PUBLIC POLICY

Why nonprofits should care more about tax policy

For most of us, tax policy is a MEGO (as in "my eyes glaze over"). How a society constructs its tax policy, however, is central to social justice, according to Kim Klein, co-founder of the Grassroots Fundraising Journal and frequent visiting lecturer and trainer in Hawai‘i.

Klein points to the sales tax – cousin of Hawai‘i’s general excise tax – as being inherently regressive, since everyone pays the same rate regardless of income, which places a disproportionate burden on the poor.
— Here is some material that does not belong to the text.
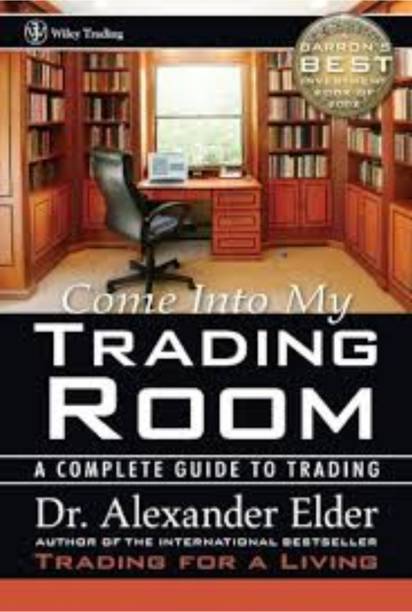 Come Into My Trading Room: A Complete Guide To Trading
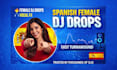 produce spanish female dj drops with fx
She cites the case of Salinas, Calif., the city of writer John Steinbeck, where only 16,000 out of 80,000 register voters cast ballots. 10,000 of those ballots defeated a sales tax increase to fund public libraries, resulting in the closure of all the city’s libraries. In other words, 10,000 people decided the fate of a public institution – “I can only speculate that the majority of these 10,000 voters are not library users,” Klein writes.

“Are there institutions whose importance is so great that their funding should be guaranteed by government, or should private fundraising take care of everything not related to life and death?” Klein asks. “If so, should some of our nation’s high net worth individuals be persuaded to take those on?”

It was tax policy that created those rich individuals, such as Bill Gates and Warren Buffet. The tax cuts that began in the Reagan administration increased the number of U.S. billionaires from 13 in 1986 to 230 today. Worldwide, the number jumped from 20 to 793, who are now worth a combined $3 trillion. “The GDP of the poorest 48 countries in the world is less than the wealth of each of the three richest people in the world,” Klein said.

“It is fairly obvious why nonprofits should care about tax policy,” she says. “Social service agencies are burdened to the breaking point with people needing help at the same time as their government grants are cut again and again. Arts and humanities programs have been cut out of government budgets so completely that some states don’t even have State Arts Commissions anymore.”

Tax policy affects nonprofits more than any other institutions. What can we do about it?

  • Get organized – nonprofits make up 10 percent of the workforce, almost 15 million people, plus 65 million volunteers. As a voting bloc they could swing any election, particularly when the turnout is as light as that election in Salinas that killed its libraries.
  • Start talking about taxes – people don’t have well-informed opinions about taxes. Talk about the role of government in board meetings, committees, speeches, gatherings and conferences – “in fact, everywhere we gather.” Raise these questions: What are taxes for; and what is fair taxation? “Send to those working on tax policy at the state and national levels a buzz of conversation from the grassroots.”